In addition to PDF documents with tables (Fig. 4.1-2) and scanned versions of tabular forms (Fig. 4.1-5), a significant part of information in project documentation is presented in text form. It can be both coherent sentences in text documents and fragmentary records scattered over drawings and schemes. In modern conditions of data processing one of the most common tasks is to convert such text into a structured format suitable for analysis, visualization and decision making.
Central to this process is taxonomy, a classification system that organizes information into categories and subcategories based on common features.
A taxonomy is a hierarchical classification structure used to group and organize objects. In the context of text processing, it serves as a basis for systematically categorizing items into semantic categories, thus simplifying analysis and improving the quality of data processing.

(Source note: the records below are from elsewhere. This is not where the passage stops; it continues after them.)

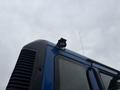 A blue 2017 Autocar Xpert with a spotlight mounted on the roof and an antenna extending from the top edge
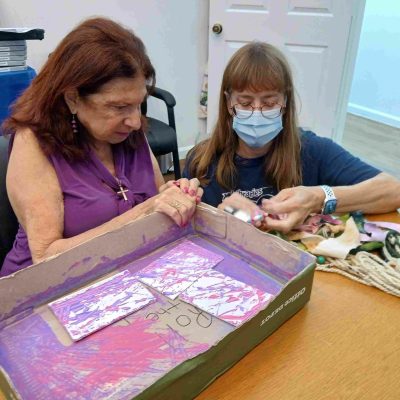 woman with box and marble art next to woman crafting
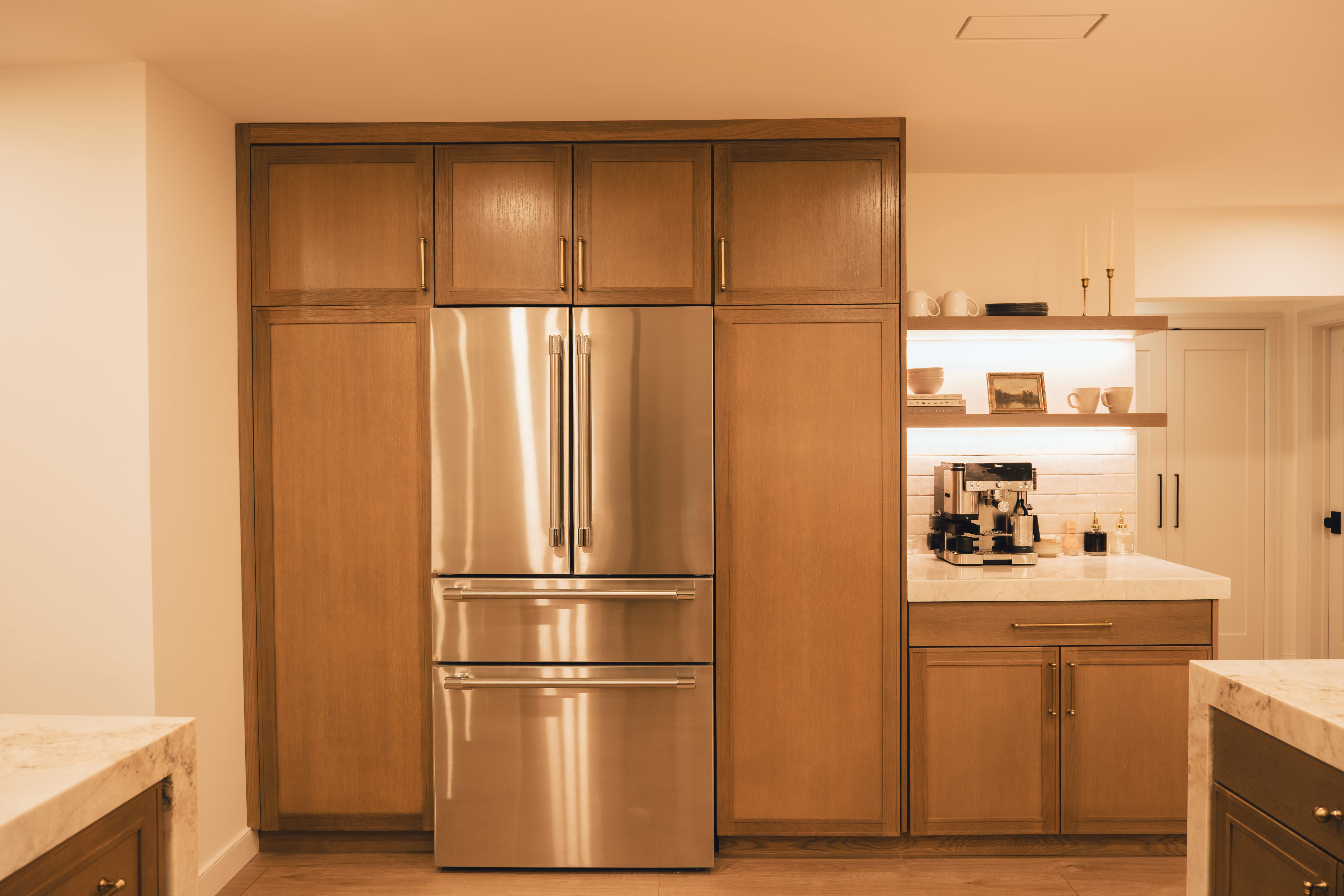Modern kitchen with stainless steel French door refrigerator surrounded by wooden cabinets and a coffee machine on the side.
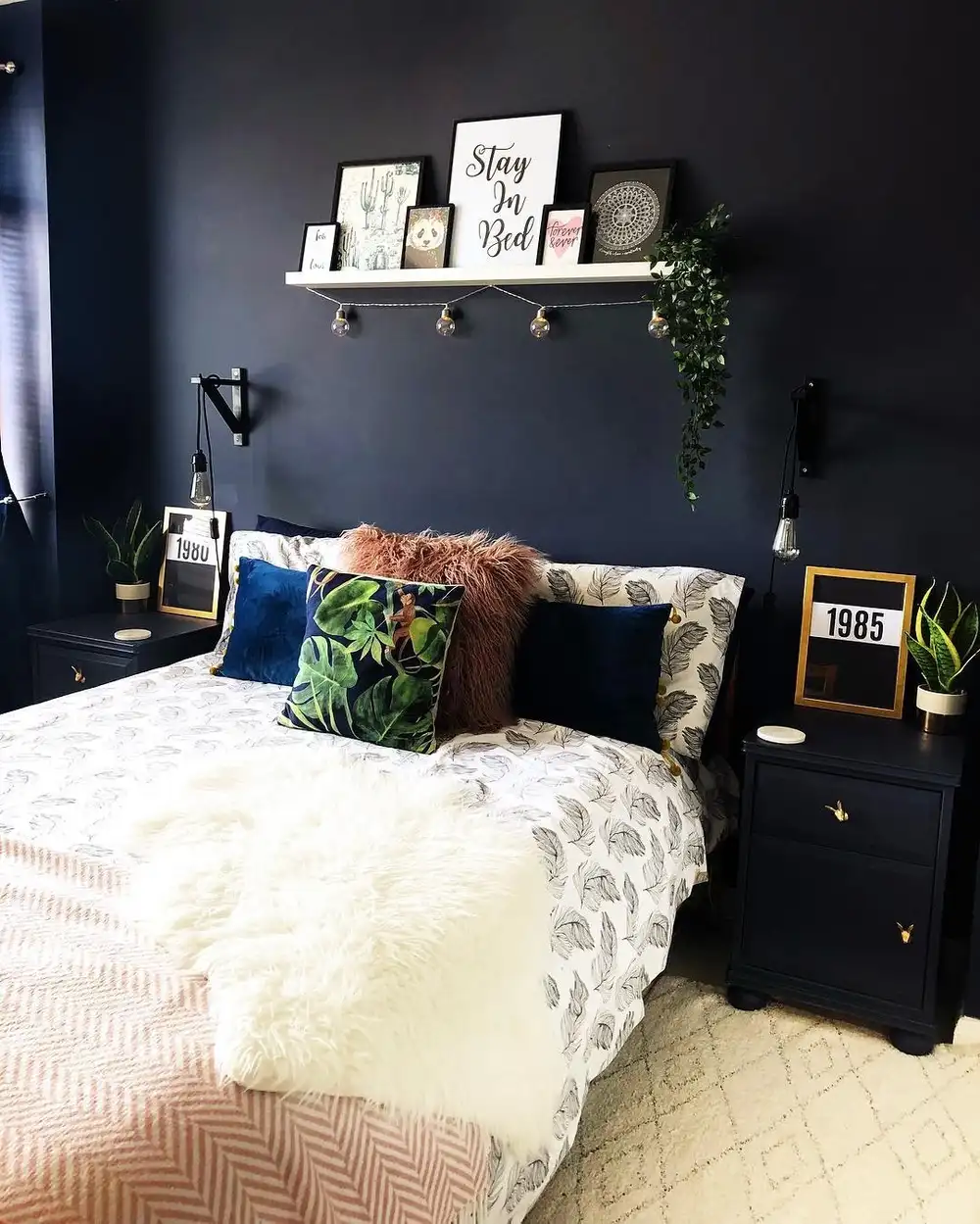 Small bedroom with dark charcoal wall, white bedding and rust and blue accent pillows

Taxonomy creation is accompanied by the steps of entity extraction, categorization and contextualization. To simulate the process of extracting information from textual data, we need to perform the following steps, similar to those we have already applied to structuring data from PDF documents:
- Data extraction (Extract): you need to analyze text data to extract information about delays and changes in the project schedule.
- Categorization and Classification (Transofrm): categorize the information received, e.g. Reasons for delays and schedule changes.
- Integration (Load): at the end we prepare structured data for integration into external data management systems.
Consider a situation: we have a dialog between a project manager and an engineer discussing problems with the schedule. Our goal is to extract the key elements (reasons for delay, schedule adjustments) and present them in a structured way (Fig. 4.1-7).
Let’s perform the extraction based on the expected keywords, create a DataFrame to simulate data extraction and after transformation, a new DataFrame table that will contain columns for date, event (e.g., reason for delay) and action (e.g., schedule change).

Here is the code to solve the problem using a text query in one of the language models as in the previous examples.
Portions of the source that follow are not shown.